Quanto mais se visita o território do Warpaint, mais se descobre o que ele tem de especial, de engenhoso, delicado. Digo especial porque, no caso, não dá para chamar de novo. Elas parecem saber disso. Quando opta por mostrar explicitamente de onde veio – e sem véus -, a banda assume um risco: você pode simplesmente desprezá-la como uma derivação de bandas melhores e populares; ou, e recomendo essa opção, você tem todo o direito de tratá-las como quatro mulheres que conhecem e respeitam o chão onde pisam.
Deixam, no fim do disco, uma impressão de franqueza. E não há tolice nisso.
Primeiro disco do Warpaint. Nove faixas, com produção de Tom Biller. Lançamento Rough Trade Records. 8/10
2 ou 4 parágrafos | A origem
Uma lição que aprendi em muitos anos de sonhos muito bem sonhados: o inconsciente é ilógico, caótico, nos prega peças, nos submete a constrangimentos íntimos, brinca com as nossas certezas, destrincha nossos desejos, nos pega de calças curtas e, cruel, esfrega nos nossos neurônios tudo aquilo que temos medo de conhecer sobre nós mesmos. Os sonhos (pelo menos os meus) às vezes simplesmente não fazem sentido. Frequentemente, são ridículos e provocam risadas na manhã seguinte.
Daí meu espanto ao notar que, em A origem (um filme sobre sonhos, se é que dá para defini-lo assim; e um filme 3/5), os personagens sonham sonhos mais ou menos lineares, quase sob controle, sonhos lógicos (quase lúcidos) que seguem determinadas regras e que podem ser controlados. Eu quero uns desses!, foi o que pensei. Depois de abandonar meus preconceitos (o cinema não tem compromissos com a lógica da vida, que dirá com a falta de lógica dos sonhos), passei a encarar a experiência com alguma curiosidade: Christopher Nolan, um dos cineastas mais pragmáticos que conheço, visita o mundo dos delírios. Veja isso. Que inusitado etc.
Primeiro achei a ideia interessante – não é de hoje que Nolan filma tramas de fantasia com truques do cinema policial (Batman – O cavaleiro das trevas ainda é o exemplo mais bem sucedido dessa imaginação cinzenta). Depois comecei a me cansar. O filme passa mais ou menos 60 minutos explicando um longo manual sobre os conceitos que devem ser aplicados ao próprio filme. Por que não nos entregaram um desses na entrada do cinema? Não é, como eu pensava, um thriller sobre os nossos sonhos. É um thriller sobre o conceito quase matemático de sonho inventado por Nolan para sedimentar este thriller metafísico. Ok (e os diálogos didáticos são nossas apostilas).

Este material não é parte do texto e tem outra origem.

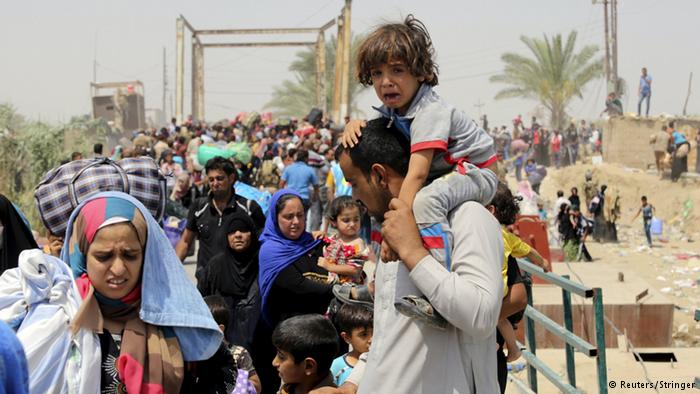 أبريل 2015: مقاتلو "تنظيم الدولة الإسلامية" يقتحمون مدينة الرمادي على بعد 100 كيلومتر من العاصمة بغداد. وهو ما دفع الآلاف من السكان للهرب في اتجاه العاصمة.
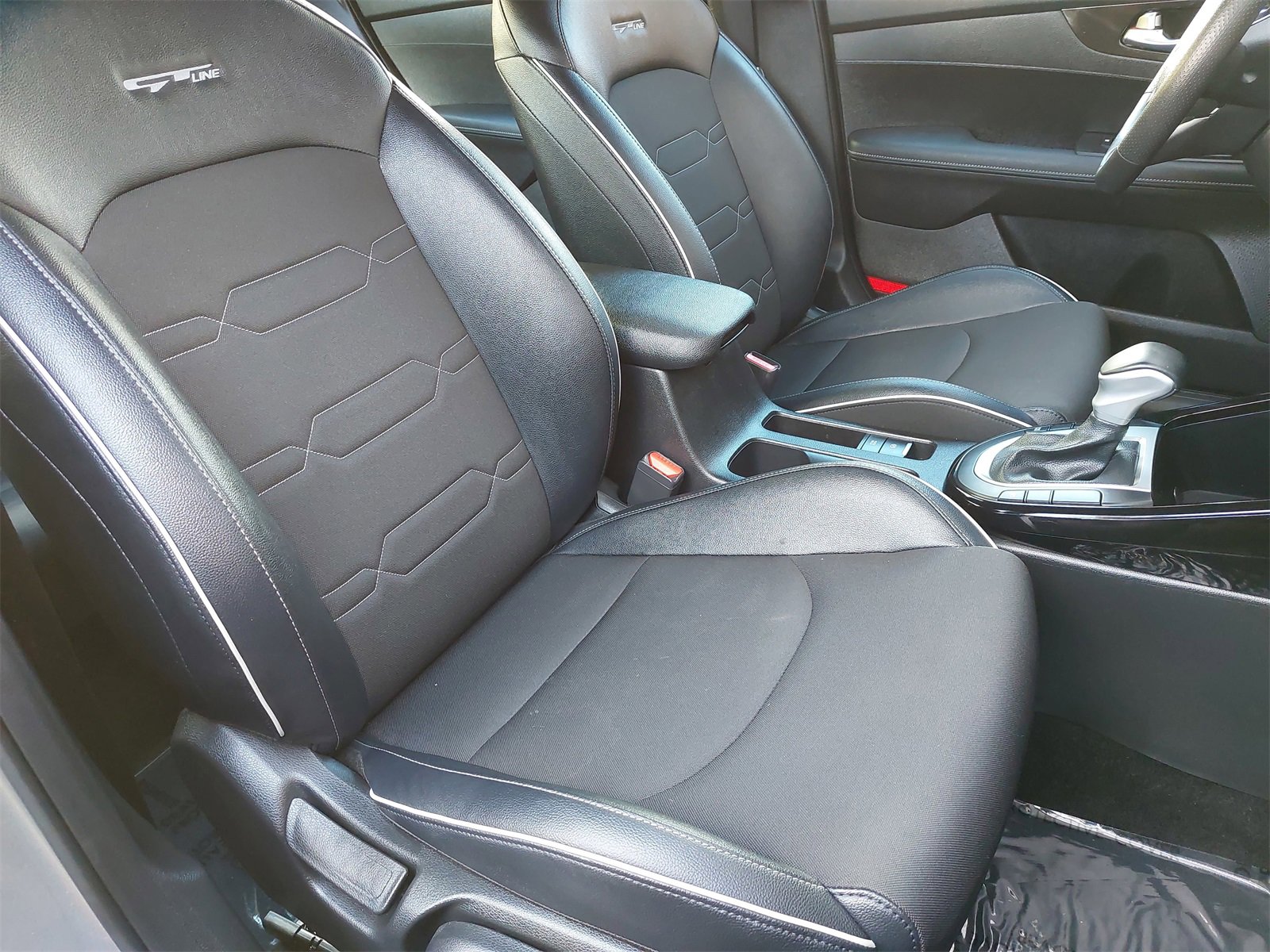 Certified 2023 Kia Forte GT-Line w/ GT-Line Technology Package image 10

Mas aí (e desculpem pelo quarto parágrafo, juro que estou tentando ser sucinto) tem aquela mania do diretor/roteirista de complicar o que já parece complicado. A própria trama romântica começa razoavelmente simples e vai se transformando num buraco de coelho no jardim de Alice. O que mais me incomoda, no entanto, nem é isso, mas como Nolan abre mão de criar um visual (ou uma atmosfera) singular para o longa. Contei duas ou três cenas marcantes, as poucas que exploram as possibilidades surrealistas do tema, e o resto é coisa que se aprende em curso introdutório de cinema de ação e direção de seriados de tevê. Que bizarrice: um filme supostamente tão pessoal, mas que produz imagens tão impessoais. E ainda dizem que é “original”. Esperto, tudo bem. Engenhoso, claro. Ambicioso, absolutamente. Mas original? Perdoem o trocadilho pateta, mas nem sonhando.